WHAT YOU SHOULD DO: The data below holds a line containing "Hephzibah McBean Rd 1457 Living_10222013" and a line containing "The Spanking Machine: Cynthiavellons"; please quote exactly those two lines and every line between them, and nothing else.

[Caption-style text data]
=== Begin Enclosure ===
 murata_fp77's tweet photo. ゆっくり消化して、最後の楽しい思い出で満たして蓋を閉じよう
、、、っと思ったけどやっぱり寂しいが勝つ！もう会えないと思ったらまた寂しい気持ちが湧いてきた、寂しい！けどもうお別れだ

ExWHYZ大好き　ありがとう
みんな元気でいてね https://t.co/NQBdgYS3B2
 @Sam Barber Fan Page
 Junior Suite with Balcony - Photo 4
=== End Enclosure ===
=== Begin Enclosure ===
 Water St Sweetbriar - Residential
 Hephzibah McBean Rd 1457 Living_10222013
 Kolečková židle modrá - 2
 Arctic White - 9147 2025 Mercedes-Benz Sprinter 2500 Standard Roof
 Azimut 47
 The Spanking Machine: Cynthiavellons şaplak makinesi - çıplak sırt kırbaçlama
=== End Enclosure ===
EXERCISE SOLUTION:
 Hephzibah McBean Rd 1457 Living_10222013
 Kolečková židle modrá - 2
 Arctic White - 9147 2025 Mercedes-Benz Sprinter 2500 Standard Roof
 Azimut 47
 The Spanking Machine: Cynthiavellons şaplak makinesi - çıplak sırt kırbaçlama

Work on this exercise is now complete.